- _What to do_: What you submit must be an exact copy of the listing below, with no images in it.

:: Source information ::

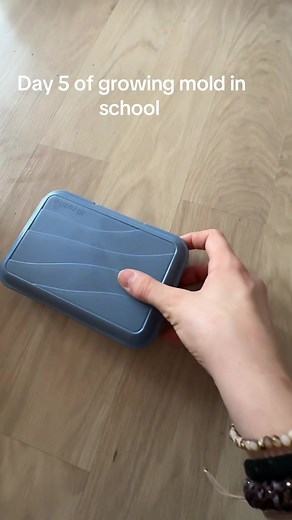 Growing Mold in School: Day 5 Progress Report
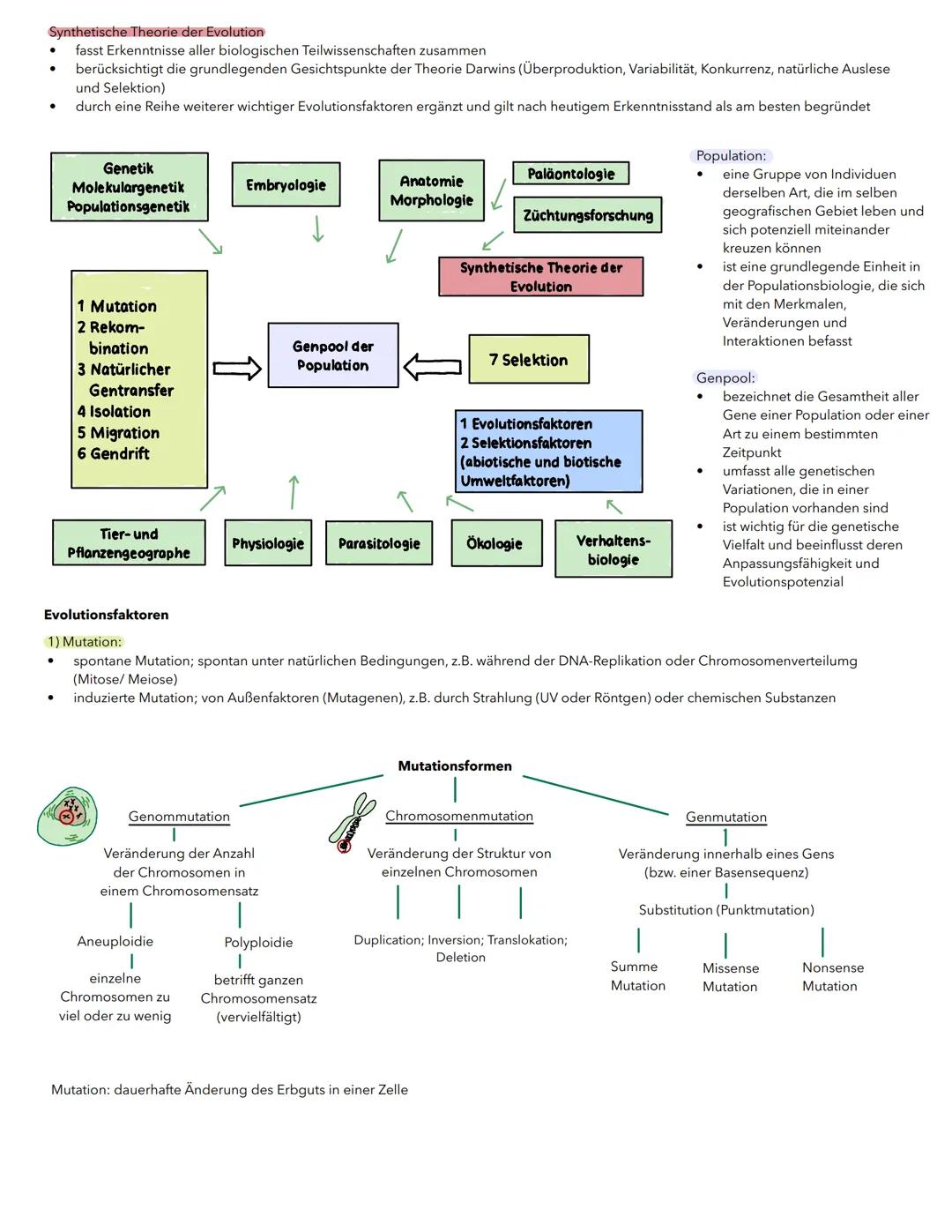 Synthetische Theorie der Evolution
.•
fasst Erkenntnisse aller biologischen Teilwissenschaften zusammen
berücksichtigt die grundlegenden Ges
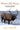 Where Elk Roam: Conservation And Biopolitics Of Our National Elk Herd - 548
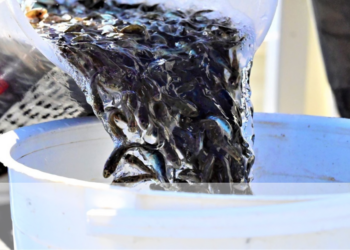 Have your say on freshwater fish stocking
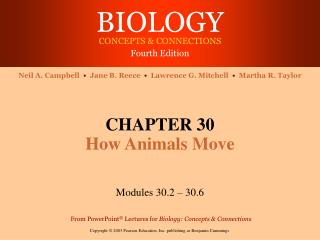 CHAPTER 30 How Animals Move
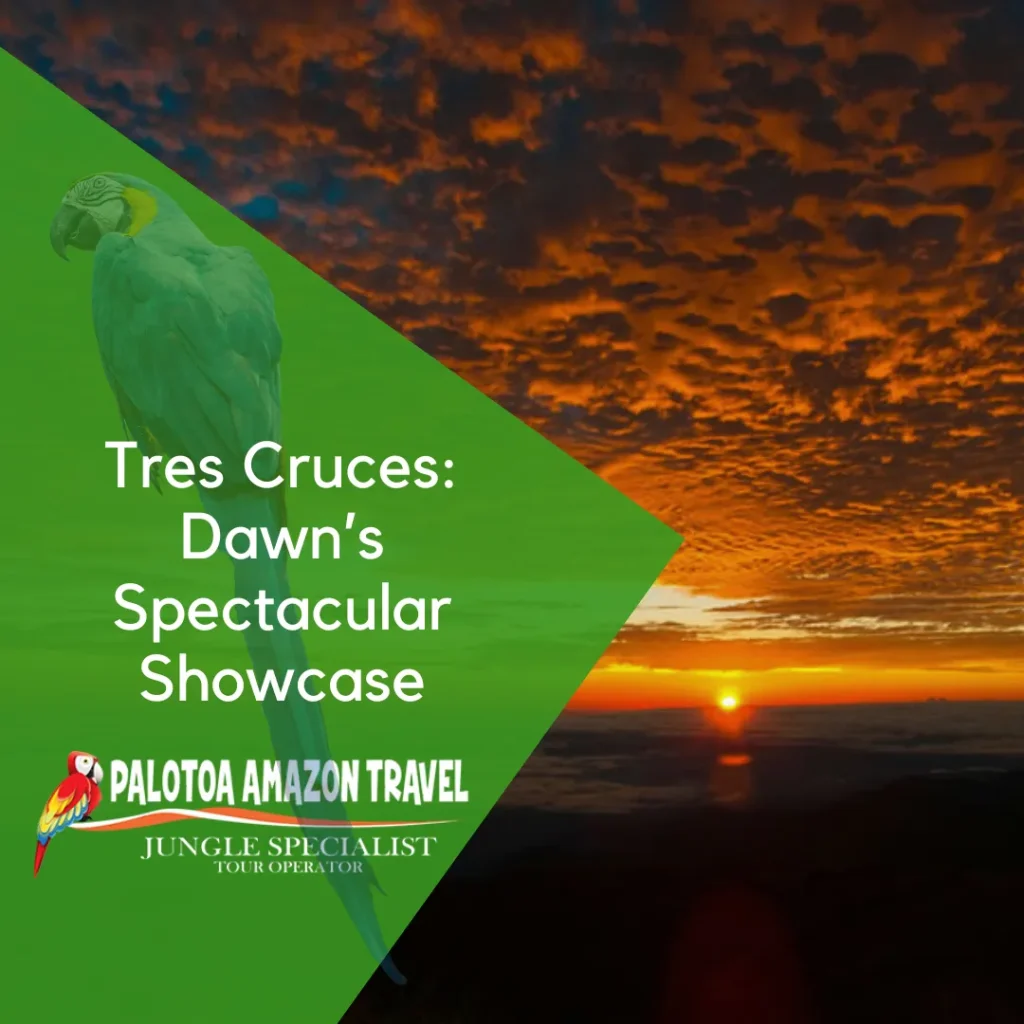 Tres-Cruces-Dawns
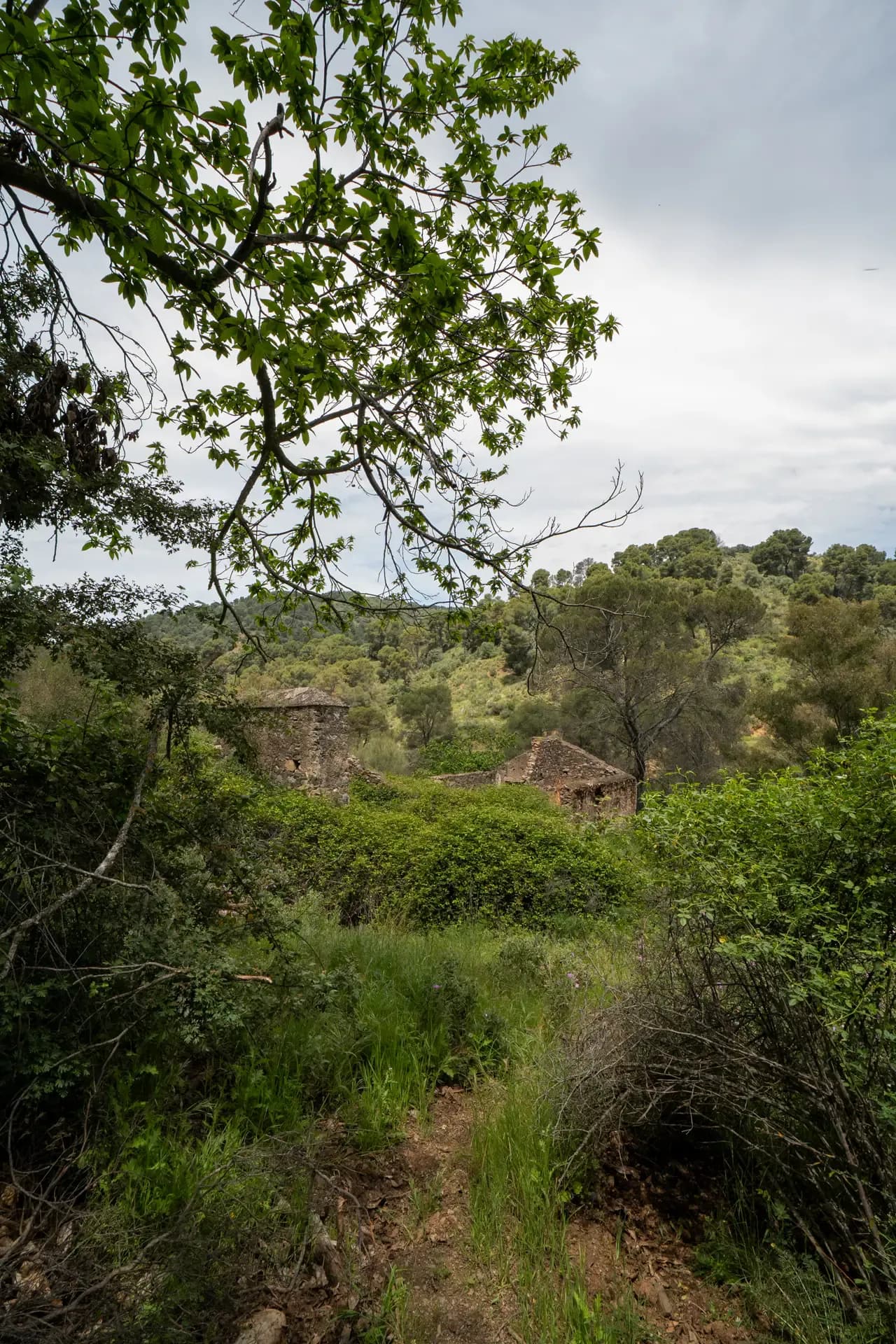 Lagar de Morales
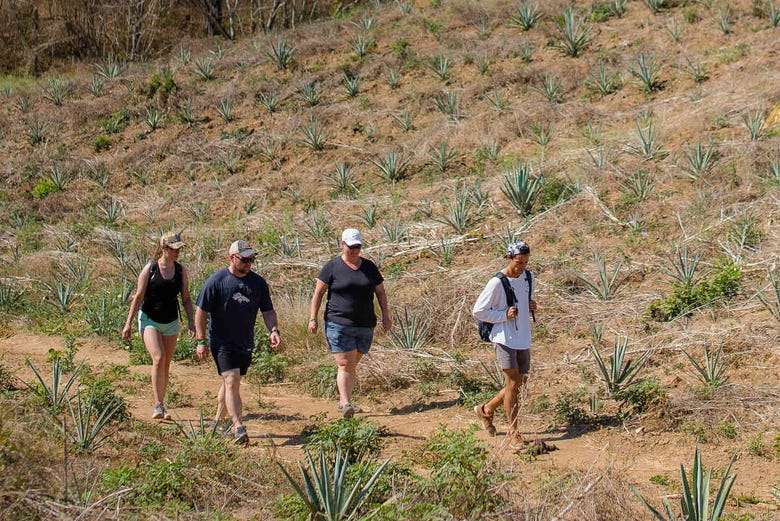 Walk along the Blue Agave Trail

:::

- _Result of the exercise_:
 Growing Mold in School: Day 5 Progress Report
 Synthetische Theorie der Evolution
.•
fasst Erkenntnisse aller biologischen Teilwissenschaften zusammen
berücksichtigt die grundlegenden Ges
 Where Elk Roam: Conservation And Biopolitics Of Our National Elk Herd - 548
 Have your say on freshwater fish stocking
 CHAPTER 30 How Animals Move
 Tres-Cruces-Dawns
 Lagar de Morales
 Walk along the Blue Agave Trail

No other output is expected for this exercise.